PET drugs have an unusual regulatory history, which I do not have time to explain in detail here. Suffice it to say that, pursuant to a provision of the FDA Modernization Act of 1997 ("FDAMA"), there is currently a moratorium on FDA's regulation of PET products as "new drugs." Therefore, NDAs are not yet required in order to market these drugs, but they will be required once the moratorium has ended in two to three years.

III. THE ESTABLISHMENT FEE PROBLEM

PET drugs raise user fee problems that are unique among pharmaceuticals and that obviously were not contemplated by Congress when it enacted PDUFA. Due to the short half-lives of PET drugs, a commercial manufacturer that supplies PET drugs nationally, or even regionally, requires multiple, small cyclotron facilities located throughout the U.S. or the region. If such a manufacturer were to submit an NDA, each of these facilities would have to be identified in the NDA as a manufacturing establishment, and the company could be subject to enormous establishment fees annually. For example, one PET drug manufacturer operates 44 cyclotron facilities nationwide. If these were used to manufacturer and supply a particular PET drug under an NDA, this company would have to pay over $13million annually in establishment fees (based on FY 2007 user fee rates).

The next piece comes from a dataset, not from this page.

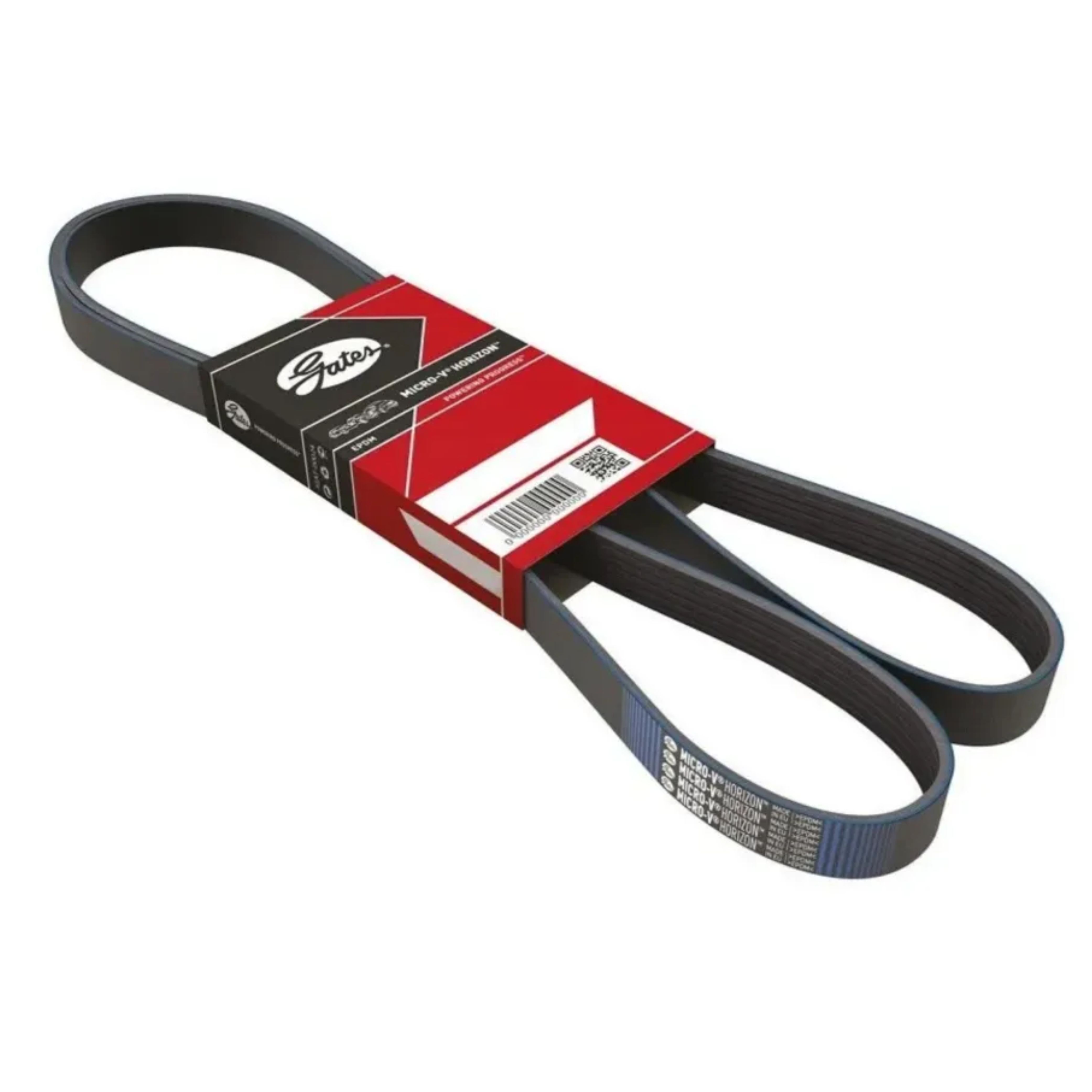 Correia de Acessórios Micro V - GATES - 6PK1395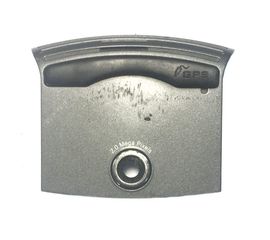 HTC P3300 Artemis Дополнительная часть корпуса (Серый) (original) HTC - Сервис Плюс Рус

This is an obvious and serious problem. Annual company revenues for some PET drugs would not even pay for the $13 million in annual establishment fees in the above example, much less recover the costs of development, production, marketing and provide a profit. The market for PET drugs is miniscule compared to the market for many therapeutic drugs, yet, absent relief, some PET drugs will be burdened with much higher fees than multi-billion dollar drugs like Lipitor. When the moratorium ends, no commercial PET manufacturer will be able to stay in business under these circumstances, and patient access to these innovative, life-saving diagnostics will be severely diminished.

IV. SOLUTION

How can this problem be resolved? CORAR proposed an administrative solution in a Citizen Petition submitted to the FDA on August 31, 2005, to which we are awaiting a response from the Agency. However, we believe that a legislative solution is the surest way to resolve the issue for all PET producers. We are proposing an amendment that would limit establishment fees to one per NDA for commercial PET manufacturers. In addition, many PET drugs are produced by not-for-profit academic medical centers with one cyclotron for use within the same institution. Our proposal is to exempt these facilities from all establishment fees where the PET center is operated by or affiliated with a medical center, has only one cyclotron, and the PET drugs produced are for use within the medical center.

Nine years ago in FDAMA, Congress mandated a special regulatory framework to accommodate the unique characteristics and distribution of PET drugs. Since PET drug NDAs were not required then, the issue of user fees did not need to be addressed in PDUFAIII. However, with the end of the moratorium approaching, now is the time to resolve this problem.

On behalf of CORAR, I would like to thank the Agency for the opportunity to bring this issue to your attention and provide input into the reauthorization process. We will be submitting written comments as well.